Long before your client sits down near a court reporter , he or she needs to know exactly what to expect from a typical deposition held in San Jose. Asking and answering tough questions may be as natural to you as breathing, but for your client, it may be intimidating. Arguably, one of the most important benefits of thorough preparation is that it gives your client the confidence needed to effectively handle this stressful situation.
Explain the process of the deposition.
You should assume that your client is completely unfamiliar with the concept of legal depositions. Go over the basic facts, including the following:
- It does not take place in a courtroom.
- A court reporter will take down everything said on the record, verbatim.
- Testimony is given under oath.
- Giving testimony that contradicts later testimony at trial could be perjury.
Instruct your client to only give verbal answers—court reporters can’t record gestures. If your client doesn’t know something, he or she shouldn’t try to guess. Emphasize the importance of only giving as much information as was asked for. One-word answers are encouraged, if they answer the question.
Review documents and facts.
Although your client can answer “I don’t know,” if that’s the truth, it’s better if he or she knows the details of the facts of the case. Spend plenty of time going over any relevant documents and records. Being fully informed will help your client to confidently answer questions.
Help your client anticipate questions from opposing counsel.
It’s impossible to think of every single question opposing counsel will ask, but you probably have a fairly good idea of the direction of the questioning.
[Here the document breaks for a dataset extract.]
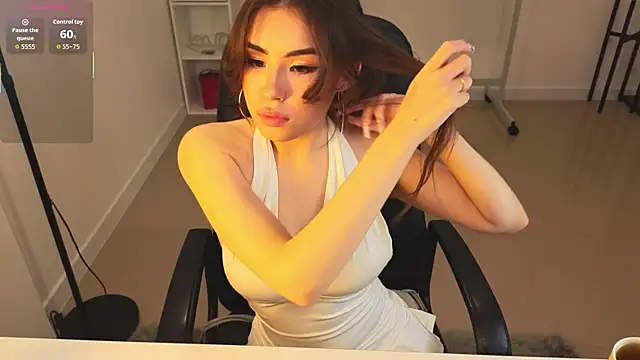 Snapshot of Kisa0_o chatting on September 17, 9:49 pm Kisa0 o online show from September 17, 9:49 pm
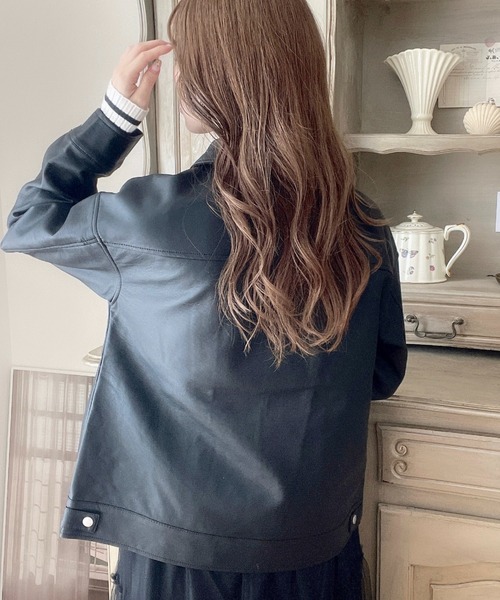 moment+（モーメントプラス）の「【累計販売枚数2万枚突破！】フェイクレザーライダースジャケット（ライダースジャケット・レディース・アイボリー/ブラウン/ブラック/グレイッシュベージュ/モカ・S/M/L）」の12枚目の写真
Write down a list of every question you can think of, and put the toughest ones at the top. Go over these questions exhaustively until your client feels comfortable with them.
Give some last-minute tips.
You don’t want to overwhelm your client with information, but you may wish to remind him or her of some crucial tips just before the deposition. Remind your client to actively listen to every question, and not to answer the question before opposing counsel is done asking it. Let your client know that it’s okay to briefly pause—this gives you a chance to object if need be.